Un bouquet di fiori e dita, una lingua affilata che spunta dal tubo di un rossetto, due bulbi oculari al posto delle olive in un cocktail Martini, una mano penzoloni che fa capolino da una borsetta, e un cappello – fruttiera da cui spuntano fragole, banane, un donuts mordicchiato e un seno rosa pastello.

Sono le sculture di ceramica dell’artista di Brooklyn Genesis Belanger, che raffigurano beni di consumo di massa, con uno squisito tocco surreale. Un banchetto dell’assurdo di vivande strampalate, che sembrano uscite dalla cucina di Magritte.

L’artista americana, che ha lavorato nel settore della moda e in quello dell’advertising, prima di dedicarsi alla pratica scultorea, indaga nel suo lavoro la capacità della pubblicità di condizionare e di sedurre il pubblico, di manipolare i desideri e le scelte dei consumatori, per mezzo di un linguaggio emozionale che cattura l’attenzione dello spettatore e lo coinvolge.

La sigaretta, metafora del potere persuasivo della pubblicità, che è riuscita a far sembrare sexy perfino la morte, è elemento ricorrente del suo corpus di opere plastiche, languidamente distesa su un posacenere, pare strisciare come un lombrico dei cartoons.

The advertising industry understands the strength of visual persuasion and I find it fascinating that our desires can be manipulated through aesthetics.
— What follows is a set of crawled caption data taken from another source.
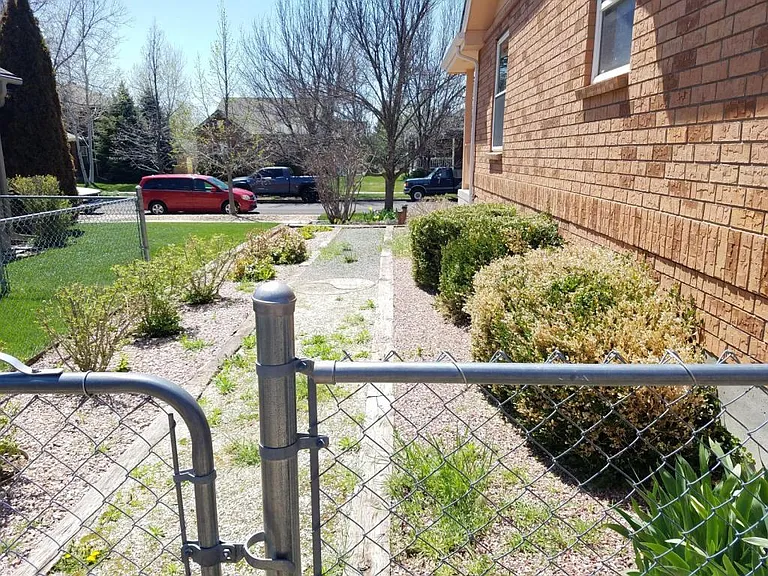 214 E Iowa Ave — Photo 30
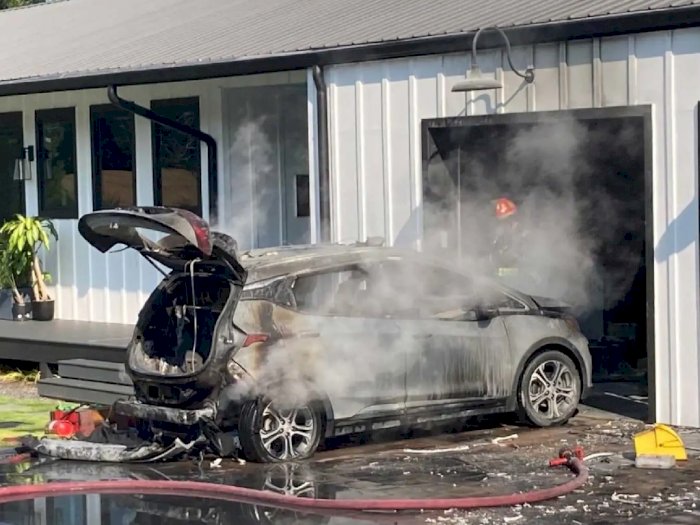 Mobil Chevrolet Bolt EV Kembali Ditemukan Terbakar, Untung Api Cepat Dipadamkan!
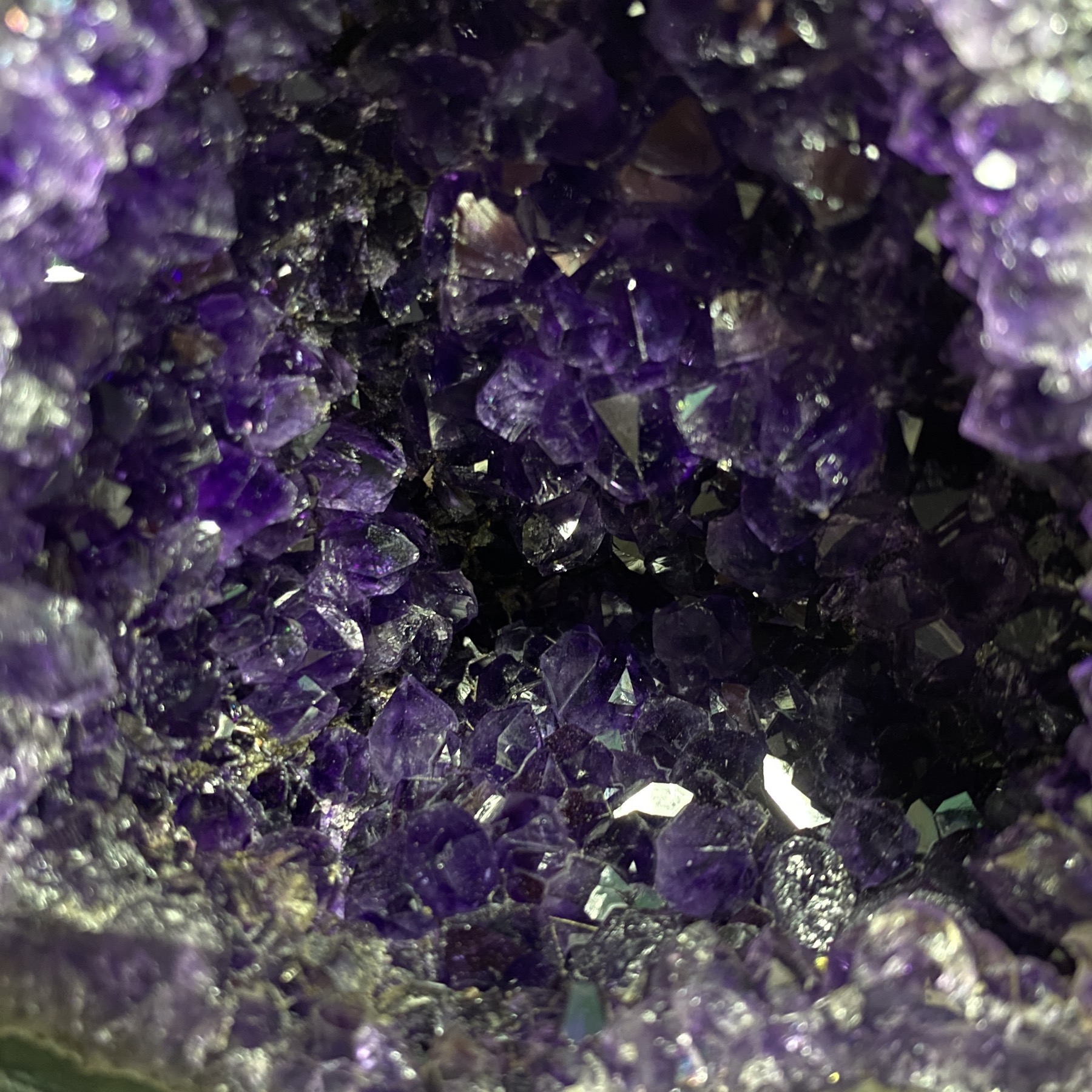 濃紫！ウルグアイ産アメジストドーム 3.02kg 台座付き【AMD-0004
I use elements of that persuasive language in my work.

– Genesis Belanger

La Belanger non respinge la realtà, la trasfigura, la trasforma in qualcosa d’altro, l’essenza della sua ricerca estetica risiede negli accostamenti nonsense e nelle deformazioni irreali.

Per libera associazione di idee, l’artista unisce elementi incongruenti, che non hanno niente in comune, oggetti d’arredo, accessori glamour, pezzi anatomici, supera ogni logica e plasma nell’argilla opere al limite del possibile, visioni irrazionali di inedita bellezza, in cui il corpo umano, tempio dell’esistenza, acquista una valenza simbolica.

Le sculture della Belanger hanno una matrice surrealista e chiari riferimenti alla pop art di Wesselmann e di Lichtenstein, sono ironiche e sinistre, golose e inquietanti, ricordano la plastilina animata della Claymation e le figure morbide e sinuose di Botero.